From: David Gibson <david@gibson.dropbear.id.au>
To: Alexey Kardashevskiy <aik@ozlabs.ru>
Cc: kvm@vger.kernel.org, Alex Williamson <alex.williamson@redhat.com>,
Eric Auger <eric.auger@redhat.com>
Subject: Re: [PATCH kernel] vfio-pci: Allow mapping MSIX BAR
Date: Fri, 15 Dec 2017 15:13:22 +1100 [thread overview]
Message-ID: <20171215041322.GF7753@umbus.fritz.box> (raw)
In-Reply-To: <20171208041829.27520-1-aik@ozlabs.ru>
[-- Attachment #1: Type: text/plain, Size: 7173 bytes --]
On Fri, Dec 08, 2017 at 03:18:29PM +1100, Alexey Kardashevskiy wrote:
> By default VFIO disables mapping of MSIX BAR to the userspace as
> the userspace may program it in a way allowing spurious interrupts;
> instead the userspace uses the VFIO_DEVICE_SET_IRQS ioctl.

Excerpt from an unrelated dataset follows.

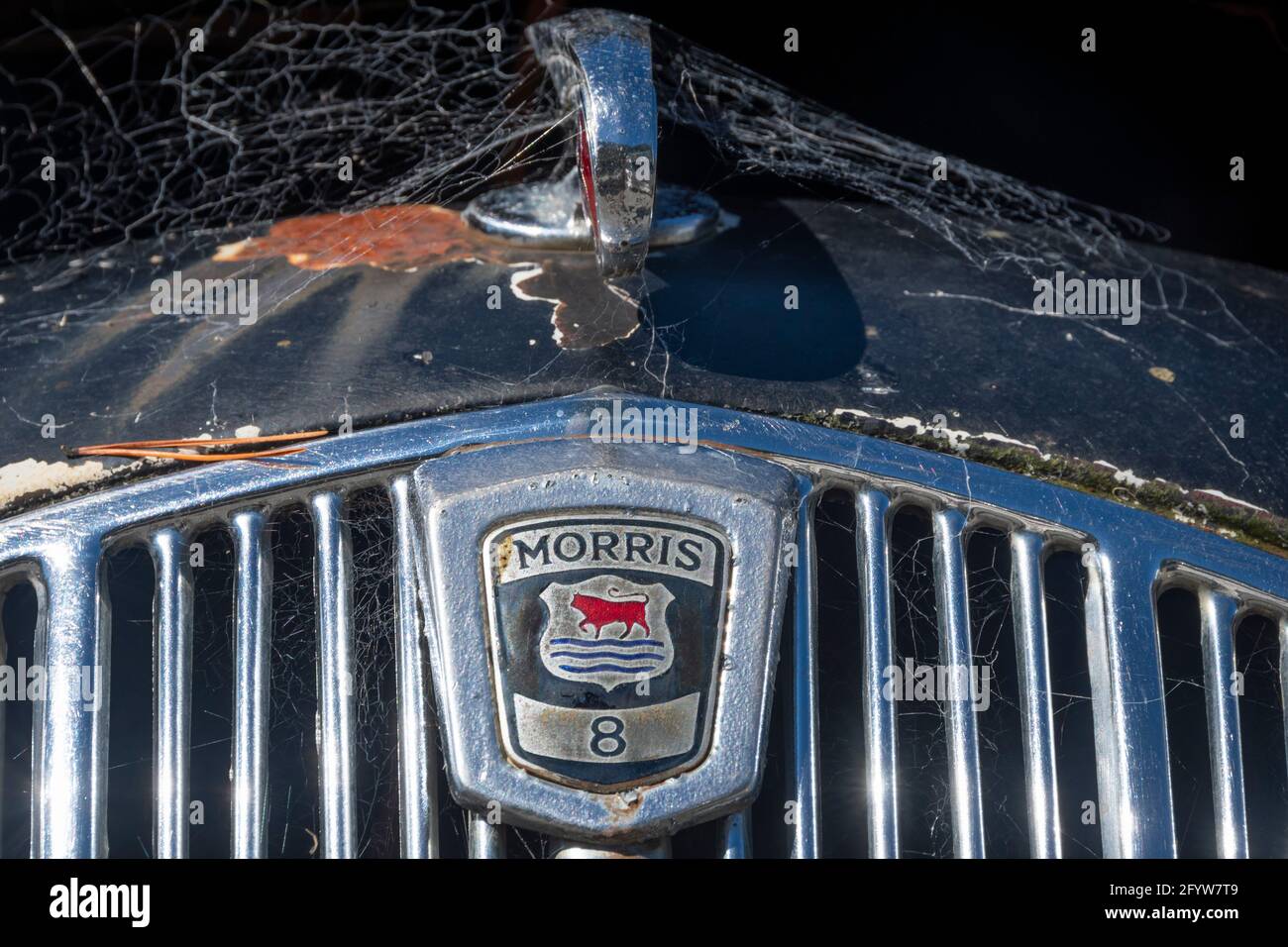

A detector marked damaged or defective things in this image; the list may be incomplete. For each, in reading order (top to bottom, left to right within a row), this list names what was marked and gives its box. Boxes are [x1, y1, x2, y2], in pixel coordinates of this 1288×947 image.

> In order to eliminate guessing from the userspace about what is
> mmapable, VFIO also advertises a sparse list of regions allowed to mmap.
>
> This works fine as long as the system page size equals to the MSIX
> alignment requirement which is 4KB. However with a bigger page size
> the existing code prohibits mapping non-MSIX parts of a page with MSIX
> structures so these parts have to be emulated via slow reads/writes on
> a VFIO device fd. If these emulated bits are accessed often, this has
> serious impact on performance.
>
> This allows mmap of the entire BAR containing MSIX vector table.
>
> This removes the sparse capability for PCI devices as it becomes useless.
>
> As the userspace needs to know for sure whether mmapping of the MSIX
> vector containing data can succeed, this adds a new capability -
> VFIO_REGION_INFO_CAP_MSIX_MAPPABLE - which explicitly tells the userspace
> that the entire BAR can be mmapped.
>
> This does not touch the MSIX mangling in the BAR read/write handlers as
> we are doing this just to enable direct access to non MSIX registers.
>
> Signed-off-by: Alexey Kardashevskiy <aik@ozlabs.ru>
This seems reasonable, except for the interface issue that Alex
pointed out already.
TBH, I'm not really sold on the need for a new kernel cap, rather than
just having qemu attempt the mamp() and fall back if it fails. But
I'm not really fussed either way.
> ---
> include/uapi/linux/vfio.h | 10 +++++++
> drivers/vfio/pci/vfio_pci.c | 65 +++++++--------------------------------------
> drivers/vfio/vfio.c | 9 +++++++
> 3 files changed, 29 insertions(+), 55 deletions(-)
>
> diff --git a/include/uapi/linux/vfio.h b/include/uapi/linux/vfio.h
> index ae46105..0fb4407 100644
> --- a/include/uapi/linux/vfio.h
> +++ b/include/uapi/linux/vfio.h
> @@ -300,6 +300,16 @@ struct vfio_region_info_cap_type {
> #define VFIO_REGION_SUBTYPE_INTEL_IGD_HOST_CFG (2)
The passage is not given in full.